Prompt ▸
Going from the line that contains "Başkan Uysal Gazetecilerle" through the last line of the records, set down each line again exactly, both included, with pictures left out.

(Brief descriptive captions)

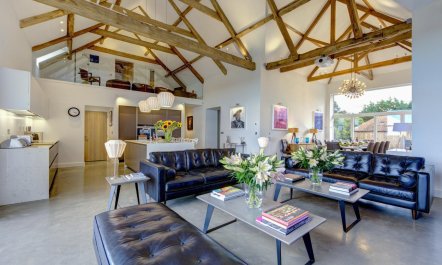4 Bed in Field Dalling 9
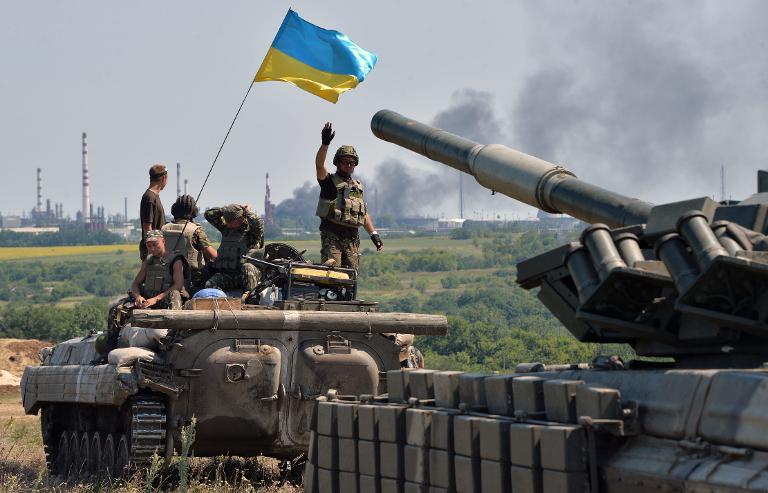 دونيتسك: مقتل 13 شخصاً بقصف للقوات الاوكرانية.. وانسحاب الجيش من المطار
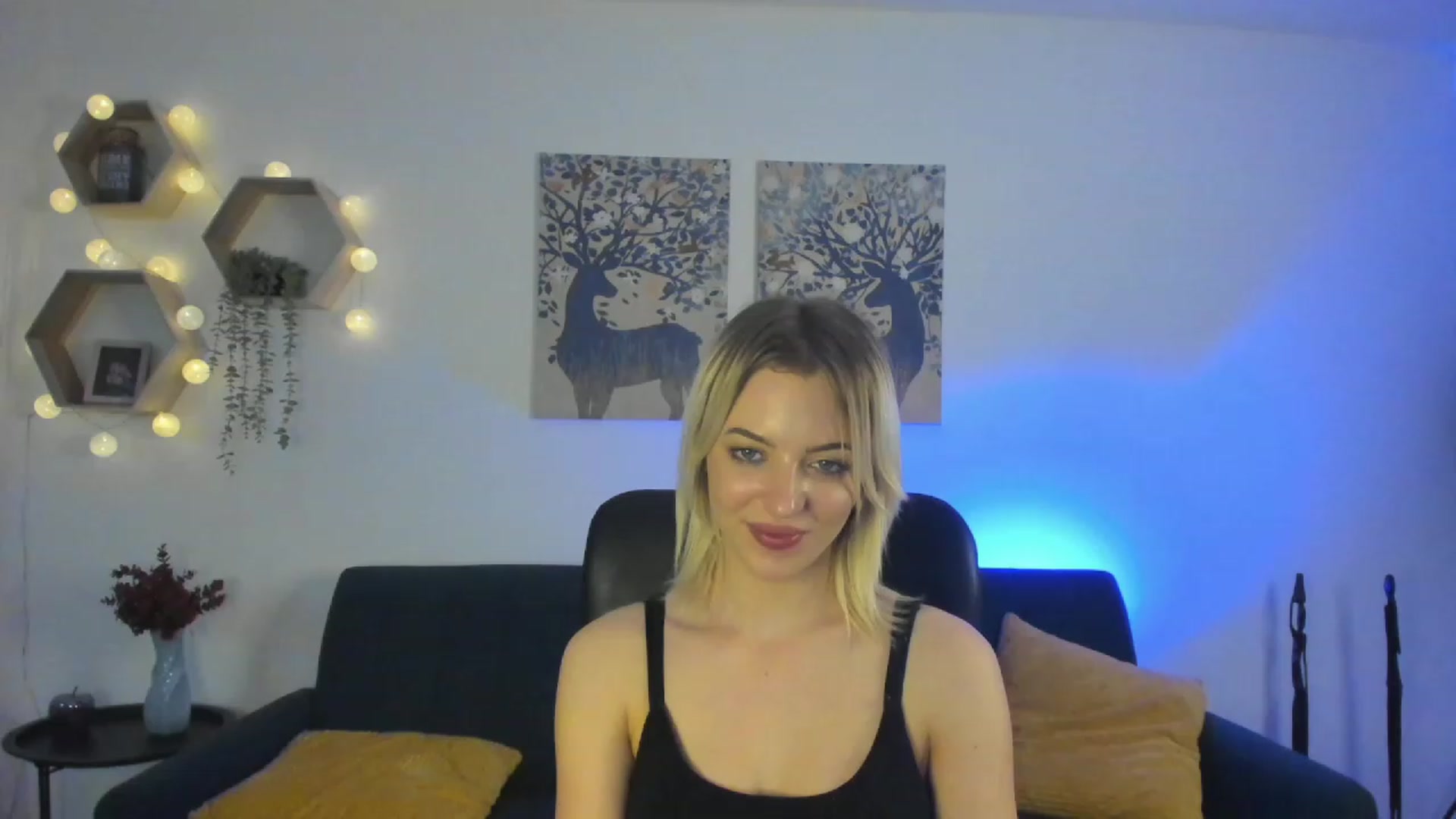 Gallery image thumbnail from Julia_Gold18's myfreecams stream on, 03/03/2023, 13:02 image 2 of 20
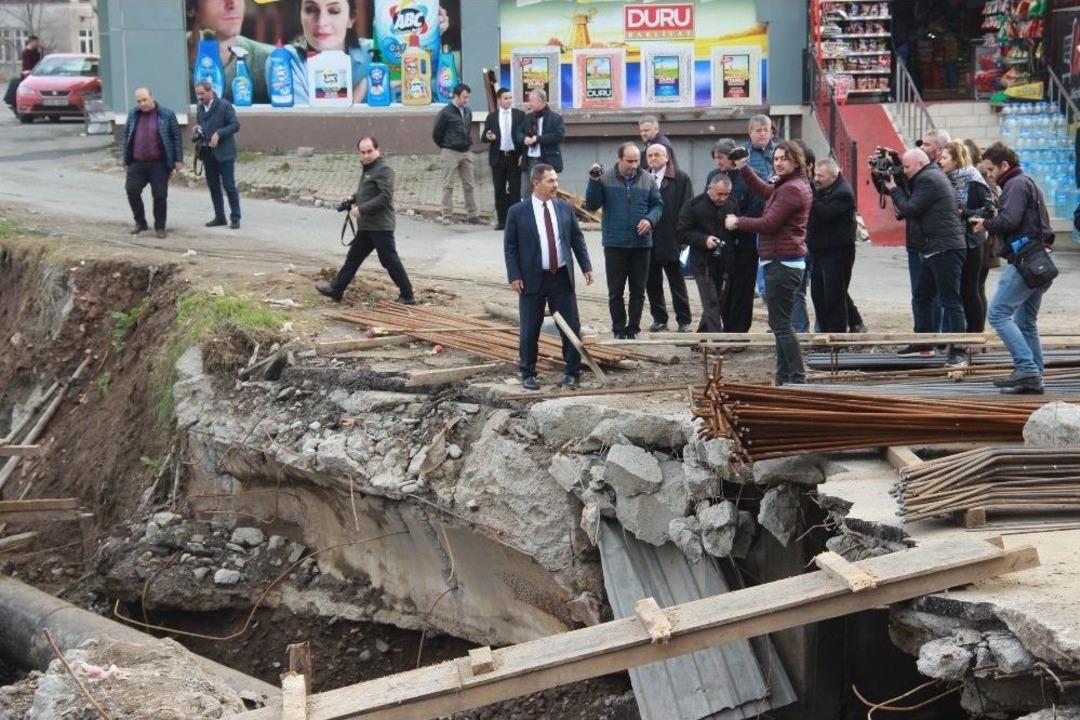 Başkan Uysal Gazetecilerle &Ccedil;alışma Yaptığı Alanları Gezdi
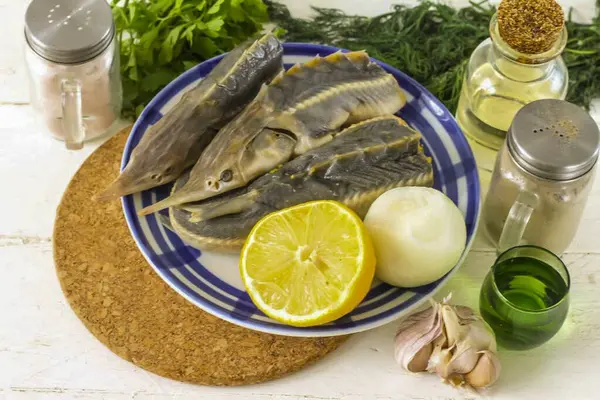 Bereiten Sie Die Angegebenen Zutaten Den Fisch Vorher Abspülen Ausnehmen — Stockfoto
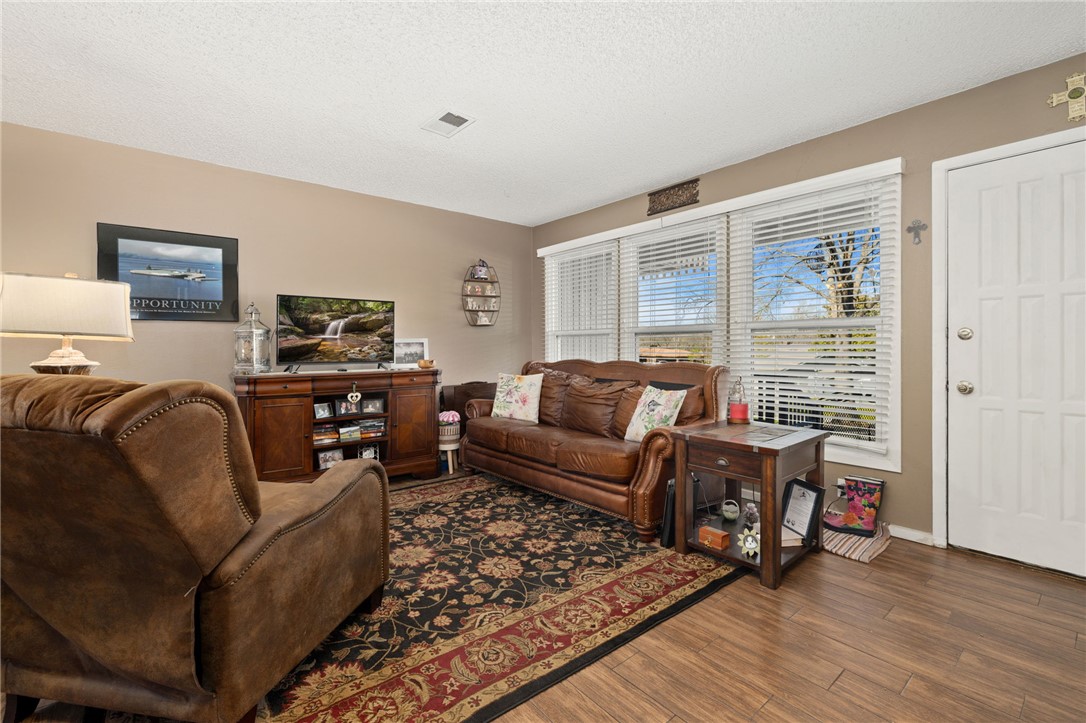 Townhouse Tct 3 A/K/A Drake Court Bvv - Residential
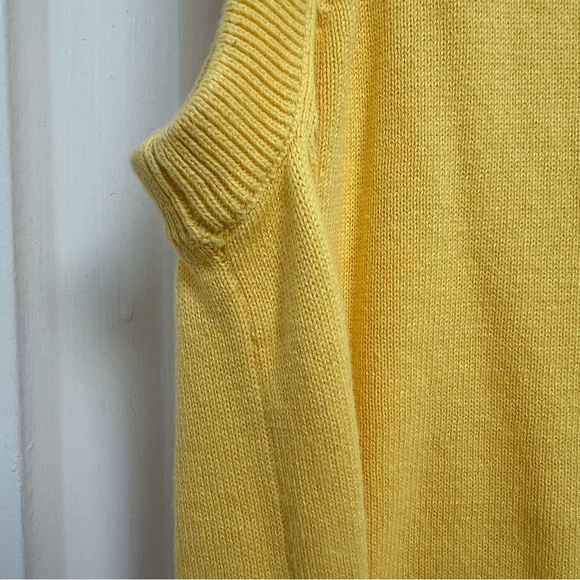 Tommy Hilfiger V-Neck Yellow Sweater Vest 100% Cotton S/M - Picture 5 of 6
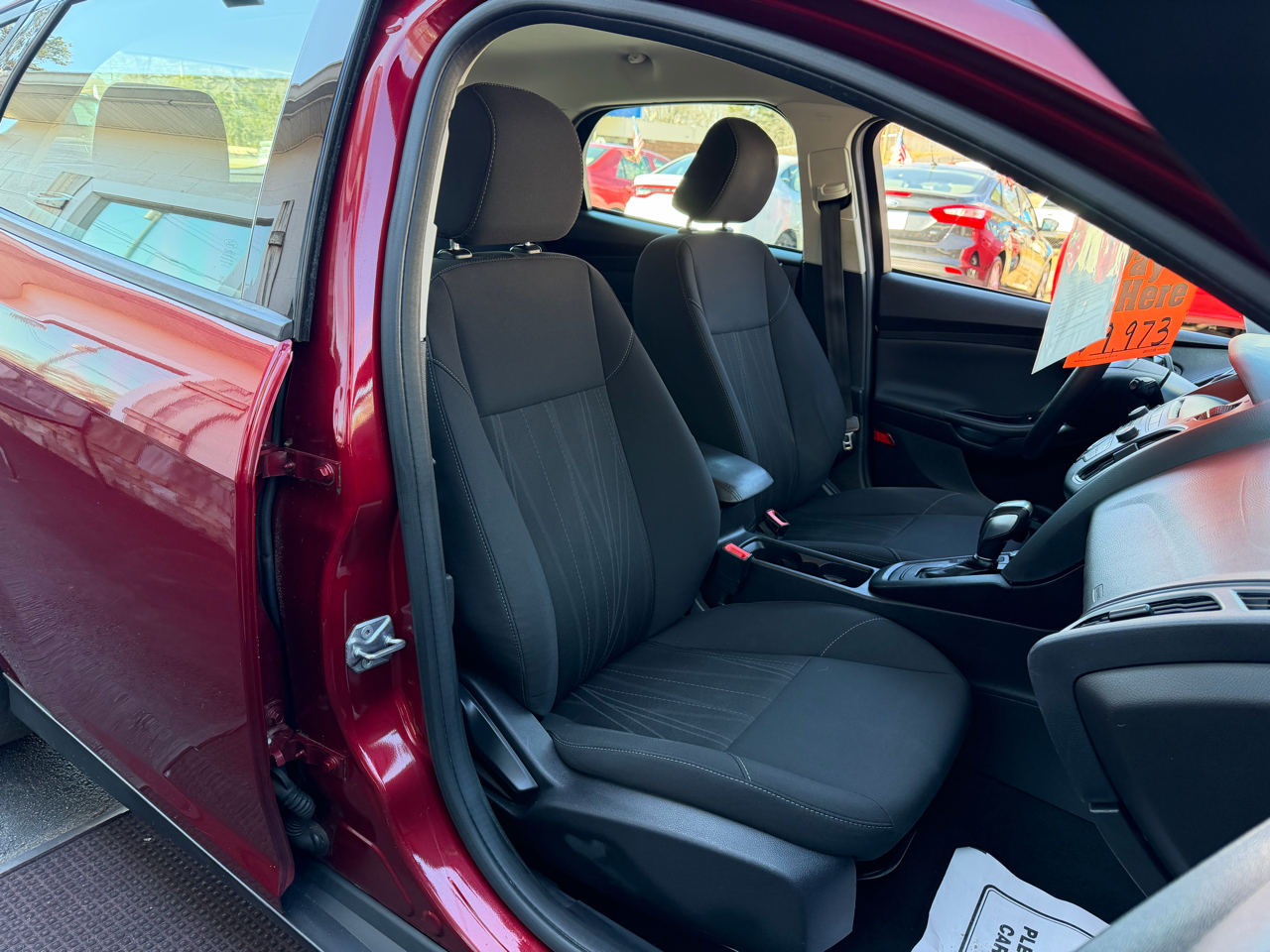 Ford Focus SE Hatch 2016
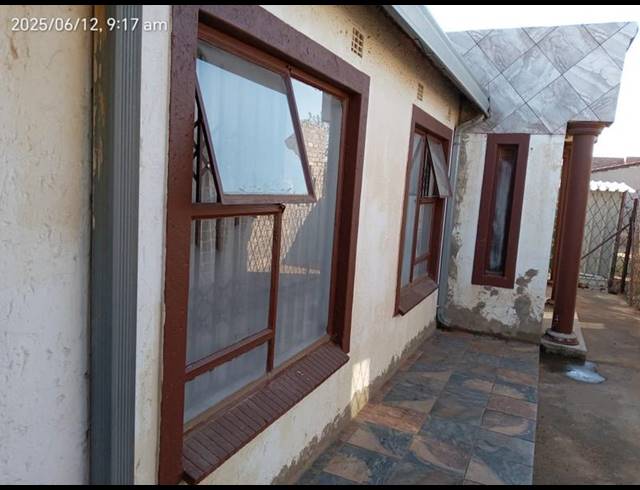 3 BEDROOM HOUSE FOR SALE IN CLOVERDENE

Completed exercise ▸
 Başkan Uysal Gazetecilerle &Ccedil;alışma Yaptığı Alanları Gezdi
 Bereiten Sie Die Angegebenen Zutaten Den Fisch Vorher Abspülen Ausnehmen — Stockfoto
 Townhouse Tct 3 A/K/A Drake Court Bvv - Residential
 Tommy Hilfiger V-Neck Yellow Sweater Vest 100% Cotton S/M - Picture 5 of 6
 Ford Focus SE Hatch 2016
 3 BEDROOM HOUSE FOR SALE IN CLOVERDENE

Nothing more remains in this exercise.